Neural Network for Estimating Daily Global Solar Radiation Using Temperature, Humidity and Pressure as Unique Climatic Input Variables ()
Received 21 November 2016; accepted 15 March 2016; published 18 March 2016

1. Introduction
Solar radiation is an important parameter for research related to solar energy. The solar energy importance is that it can play a key role in the decarbonisation of the global economy along with improvements in energy efficiency and imposing costs on greenhouse gases emissions [1] . Furthermore, solar radiation is widely used for the applications development, such as photovoltaic systems, that convert solar energy directly into electrical energy without harming the environment, and development of crop growth models based mainly on processes photosynthetic [2] .

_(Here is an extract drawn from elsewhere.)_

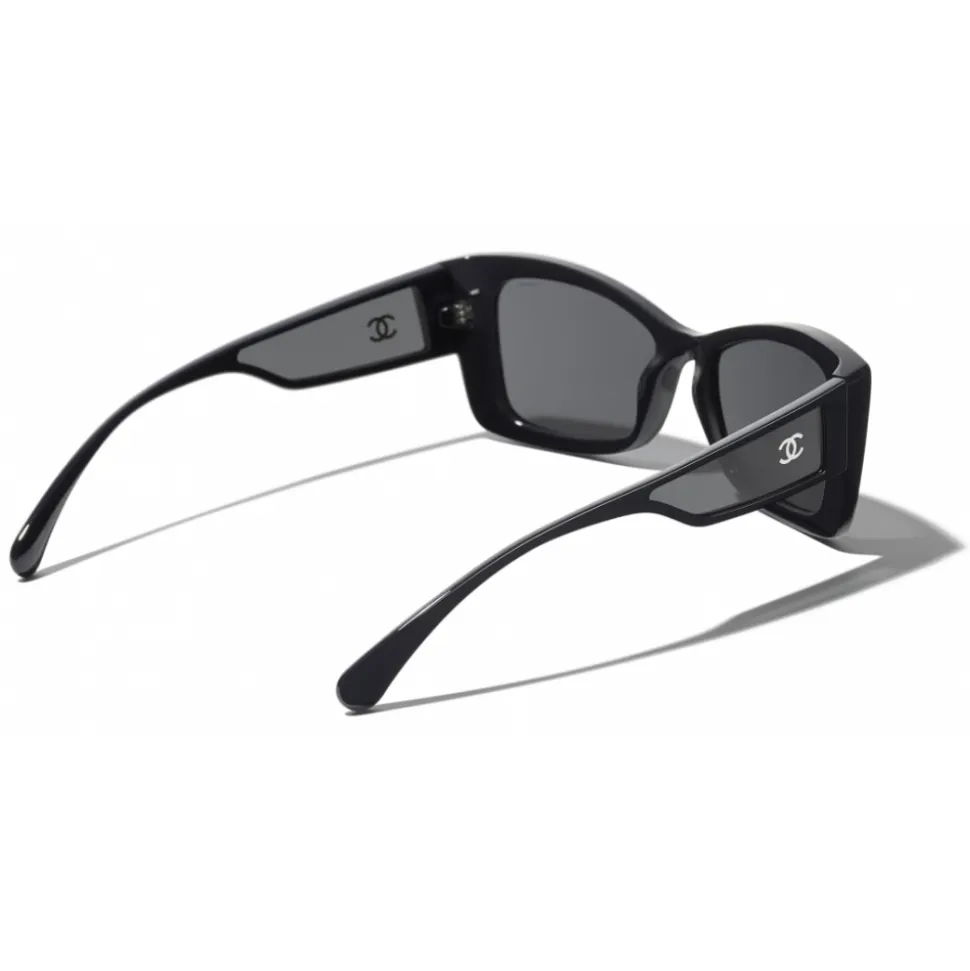 Chanel - Rectangle Sunglasses - Dark Blue Gray - Chanel Eyewear - Avvenice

Unlike other climate variables such as ambient temperature and relative humidity, the solar radiation is barely measured [3] . Even if there exist some weather stations nearby, access to data is often limited. Also, it is common for weather data to have many missing values (from a few minutes to several days missing measurements), or they are out of range due to equipment malfunction [4] [5] . So, in those cases it is possible to obtain reasonably accurate estimates of their value using computational models.
In the literature, we can find a wide variety of methods to estimate solar radiation. There are empirical models [3] [6] [7] , statistical approaches [8] [9] , others based on linear regression [10] - [13] and nonlinear [11] [14] and based on artificial intelligence techniques. In the latter group, the use of artificial neural networks is the most extended [10] [15] , although some authors have proposed methods that use techniques such as Fuzzy Logic [11] and Particle Swarm Optimization [16] , among others [11] [17] . A complete review of these methods can be found in [1] [18] [19] .
Many of these methods include empirical relationships between solar radiation and astronomical factors (Earth-sun distance, solar declination, hour angle, etc.), geographic factors (latitude, longitude and elevation of the site), physical factors (diffusion of air molecules, water vapor content, the spread of dust, etc.) and weather factors (sunshine, temperature, rainfall, relative humidity, cloud cover, etc.) [1] . The empirical models based on meteorological factors that provide more accurate estimates use mainly sunshine hours and cloudiness as input variables [20] , but other variables such as precipitation, relative humidity, temperature point spray, among others, are also very common. Therefore, a proper method for a particular purpose and a particular location should take into account data availability and expected accuracy. In the particular, case where measurements of cloudiness and sunshine hours are not available, there are other models, based on different sets of variables available on the most weather stations, such as ambient temperature, relative humidity and atmospheric pressure.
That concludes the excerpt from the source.